Apanhou o celular e centenas de rostos vieram em sua mente, muitos ele sabia que não tinham seu numero de celular, ao aperta o botão "abrir mensagem", em letras garrafais ele via que sua operadora acabará de lhe dar "R$ 10 em bônus, para poder falar com todos os seus amigos". Ficou parado por alguns segundos, leu novamente a mensagem. Era sábado, ele poderia dormir até a hora que desejasse, mas não conseguiu pegar no sono novamente. Deitado de lado em sua cama, com as mãos sob a cabeça numa posição infantil, começou a desconfiar de que as operadoras de celular olhavam no histórico de seus clientes, e davam bônus para os que menos ligavam e menos recebiam ligações, fazendo assim, caridade para quem não pode usufruir, pensou que a metáfora "dar pérolas aos porcos" não se encaixava nesta situação, o problema não era estar a altura das pérolas, mas que ele não tinha nenhuma utilidade para elas, como um alérgico a pérolas.Não conseguiu levantar da cama antes do sol passar pelo ponto mais alto do céu: "Será que as operadoras dão bônus pois as pessoas estão ligando e mandando menos mensagens a cada dia, e agora que todos terão bônus, me ligarão mais? Ou será que não sou procurado pois até com uma simples distribuição aleatória de bônus para clientes, eu faço um grande caso?"
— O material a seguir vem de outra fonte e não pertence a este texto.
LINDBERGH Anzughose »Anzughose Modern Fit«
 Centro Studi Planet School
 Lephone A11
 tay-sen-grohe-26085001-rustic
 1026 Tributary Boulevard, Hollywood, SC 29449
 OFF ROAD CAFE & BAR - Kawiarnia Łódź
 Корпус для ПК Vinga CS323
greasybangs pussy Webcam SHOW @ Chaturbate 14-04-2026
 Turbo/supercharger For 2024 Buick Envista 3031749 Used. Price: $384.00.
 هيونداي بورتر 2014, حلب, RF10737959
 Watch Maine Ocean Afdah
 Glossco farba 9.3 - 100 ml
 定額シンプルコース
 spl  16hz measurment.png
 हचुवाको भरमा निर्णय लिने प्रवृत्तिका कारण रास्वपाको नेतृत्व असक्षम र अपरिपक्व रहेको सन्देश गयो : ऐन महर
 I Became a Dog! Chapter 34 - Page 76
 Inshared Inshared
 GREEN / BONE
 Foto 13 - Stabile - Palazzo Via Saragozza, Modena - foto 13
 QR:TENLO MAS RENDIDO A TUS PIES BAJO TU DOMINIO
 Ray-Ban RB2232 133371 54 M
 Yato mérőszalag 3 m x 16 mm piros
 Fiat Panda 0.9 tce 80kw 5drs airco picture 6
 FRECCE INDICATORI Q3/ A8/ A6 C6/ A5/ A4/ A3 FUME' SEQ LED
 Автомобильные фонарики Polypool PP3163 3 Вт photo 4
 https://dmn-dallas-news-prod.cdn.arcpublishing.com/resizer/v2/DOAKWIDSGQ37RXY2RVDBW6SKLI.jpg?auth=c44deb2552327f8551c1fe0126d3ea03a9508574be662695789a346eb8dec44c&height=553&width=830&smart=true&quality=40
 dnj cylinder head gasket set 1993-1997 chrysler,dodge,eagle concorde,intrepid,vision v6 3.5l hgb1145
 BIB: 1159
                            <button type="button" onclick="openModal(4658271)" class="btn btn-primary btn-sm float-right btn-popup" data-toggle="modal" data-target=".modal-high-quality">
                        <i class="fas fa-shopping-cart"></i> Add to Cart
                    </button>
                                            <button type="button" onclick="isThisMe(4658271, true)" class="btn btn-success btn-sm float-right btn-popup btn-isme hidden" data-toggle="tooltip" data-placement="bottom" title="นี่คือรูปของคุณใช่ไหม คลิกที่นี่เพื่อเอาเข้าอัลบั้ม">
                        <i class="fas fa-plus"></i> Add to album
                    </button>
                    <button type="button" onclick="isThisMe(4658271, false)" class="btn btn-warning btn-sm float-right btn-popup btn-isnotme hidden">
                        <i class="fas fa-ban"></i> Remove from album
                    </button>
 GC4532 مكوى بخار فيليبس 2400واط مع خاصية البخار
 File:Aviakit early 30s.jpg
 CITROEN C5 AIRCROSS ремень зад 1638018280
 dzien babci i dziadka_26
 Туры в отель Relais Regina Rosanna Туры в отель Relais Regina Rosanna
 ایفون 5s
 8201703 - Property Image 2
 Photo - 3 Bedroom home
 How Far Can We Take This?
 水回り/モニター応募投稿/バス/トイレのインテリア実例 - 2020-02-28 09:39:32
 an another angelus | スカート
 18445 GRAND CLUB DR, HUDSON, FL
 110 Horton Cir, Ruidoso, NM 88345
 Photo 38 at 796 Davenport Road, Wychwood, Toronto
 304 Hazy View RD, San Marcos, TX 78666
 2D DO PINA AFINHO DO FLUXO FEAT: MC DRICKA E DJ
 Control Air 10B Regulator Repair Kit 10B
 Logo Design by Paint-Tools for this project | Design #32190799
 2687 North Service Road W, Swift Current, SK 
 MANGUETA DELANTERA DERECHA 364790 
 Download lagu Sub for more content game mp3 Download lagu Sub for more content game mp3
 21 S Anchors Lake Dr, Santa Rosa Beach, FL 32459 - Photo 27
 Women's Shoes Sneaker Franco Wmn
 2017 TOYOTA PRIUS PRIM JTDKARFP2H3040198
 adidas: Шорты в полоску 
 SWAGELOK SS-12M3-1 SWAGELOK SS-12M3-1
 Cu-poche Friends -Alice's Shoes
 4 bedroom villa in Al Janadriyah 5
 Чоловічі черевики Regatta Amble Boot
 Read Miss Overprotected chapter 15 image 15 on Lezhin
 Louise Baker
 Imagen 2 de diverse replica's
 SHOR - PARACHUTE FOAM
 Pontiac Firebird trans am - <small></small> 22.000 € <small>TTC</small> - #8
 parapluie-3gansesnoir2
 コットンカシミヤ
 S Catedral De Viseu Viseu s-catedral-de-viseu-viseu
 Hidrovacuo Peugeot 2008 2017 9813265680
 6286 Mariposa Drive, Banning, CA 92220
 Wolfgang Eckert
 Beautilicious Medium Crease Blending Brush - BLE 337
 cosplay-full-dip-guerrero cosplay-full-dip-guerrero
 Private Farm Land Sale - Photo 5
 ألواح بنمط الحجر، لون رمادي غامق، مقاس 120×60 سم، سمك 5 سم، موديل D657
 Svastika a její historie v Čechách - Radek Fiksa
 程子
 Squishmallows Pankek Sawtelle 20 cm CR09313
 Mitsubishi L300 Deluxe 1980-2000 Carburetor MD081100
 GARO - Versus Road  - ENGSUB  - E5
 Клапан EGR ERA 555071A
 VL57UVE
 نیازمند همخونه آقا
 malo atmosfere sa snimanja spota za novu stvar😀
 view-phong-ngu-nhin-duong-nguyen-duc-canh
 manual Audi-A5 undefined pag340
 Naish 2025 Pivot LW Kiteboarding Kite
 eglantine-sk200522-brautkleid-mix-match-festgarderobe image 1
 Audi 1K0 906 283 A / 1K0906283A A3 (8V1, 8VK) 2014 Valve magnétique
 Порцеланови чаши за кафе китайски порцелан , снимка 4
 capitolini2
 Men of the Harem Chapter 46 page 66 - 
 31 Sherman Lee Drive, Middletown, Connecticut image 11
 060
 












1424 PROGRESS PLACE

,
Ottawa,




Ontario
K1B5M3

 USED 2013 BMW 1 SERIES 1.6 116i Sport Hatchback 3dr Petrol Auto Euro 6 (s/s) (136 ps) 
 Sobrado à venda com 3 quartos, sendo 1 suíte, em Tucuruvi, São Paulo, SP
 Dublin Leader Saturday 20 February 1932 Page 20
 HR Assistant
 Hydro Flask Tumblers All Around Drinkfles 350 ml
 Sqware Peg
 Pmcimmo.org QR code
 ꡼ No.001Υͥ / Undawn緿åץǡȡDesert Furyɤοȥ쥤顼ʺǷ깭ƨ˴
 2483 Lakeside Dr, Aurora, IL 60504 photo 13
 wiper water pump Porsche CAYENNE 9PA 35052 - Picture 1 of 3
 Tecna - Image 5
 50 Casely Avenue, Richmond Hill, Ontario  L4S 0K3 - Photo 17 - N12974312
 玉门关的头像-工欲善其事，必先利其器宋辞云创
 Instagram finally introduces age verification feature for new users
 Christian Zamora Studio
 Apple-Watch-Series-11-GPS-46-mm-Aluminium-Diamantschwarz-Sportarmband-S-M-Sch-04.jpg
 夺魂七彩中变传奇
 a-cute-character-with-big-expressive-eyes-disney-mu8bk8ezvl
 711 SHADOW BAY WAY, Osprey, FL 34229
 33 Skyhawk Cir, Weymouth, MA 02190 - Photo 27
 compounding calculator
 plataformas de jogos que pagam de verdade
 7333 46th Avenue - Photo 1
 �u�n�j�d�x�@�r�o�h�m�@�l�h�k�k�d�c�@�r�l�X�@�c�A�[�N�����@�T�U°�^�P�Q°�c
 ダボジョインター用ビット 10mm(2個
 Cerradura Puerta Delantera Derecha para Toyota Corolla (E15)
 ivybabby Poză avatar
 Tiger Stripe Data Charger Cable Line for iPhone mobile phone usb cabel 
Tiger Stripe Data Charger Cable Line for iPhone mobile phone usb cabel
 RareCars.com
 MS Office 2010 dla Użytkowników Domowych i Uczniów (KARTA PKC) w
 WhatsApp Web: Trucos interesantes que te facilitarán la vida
quarta-feira, 20 de janeiro de 2010

Você caminha de um lado para o outro, da poltrona em frente ao televisor para a cama, da cama para o banheiro.
Ele não para de te observar, gordo e preguiçoso, com movimentos lentos e rígidos, sempre apoiado em seu ombro fazendo aquela estranha força gravitacional amplificada, que te obriga a soltar os braços enquanto segura um livro ou a deixar o controle remoto cair sobre o colo.
O tédio, pesado tédio, resolve te visitar nas tardes de Janeiro para te condenar a um sentimento ainda inexplicável, sentimento de vazio que não quer ser preenchido.Se alimenta de tuas vontades e te dá em troca um leve desconforto, um bocejar que fica parado na boca, e que mesmo com muita insistência, não sai por completo, como se tivesse deixado sua marca registrada em você. Podendo assim contabilizar quantos já dominou, e aquela massa apoiada no sofá ,preguiçosamente comemora o triunfo de mais uma tarde ter lhe roubado.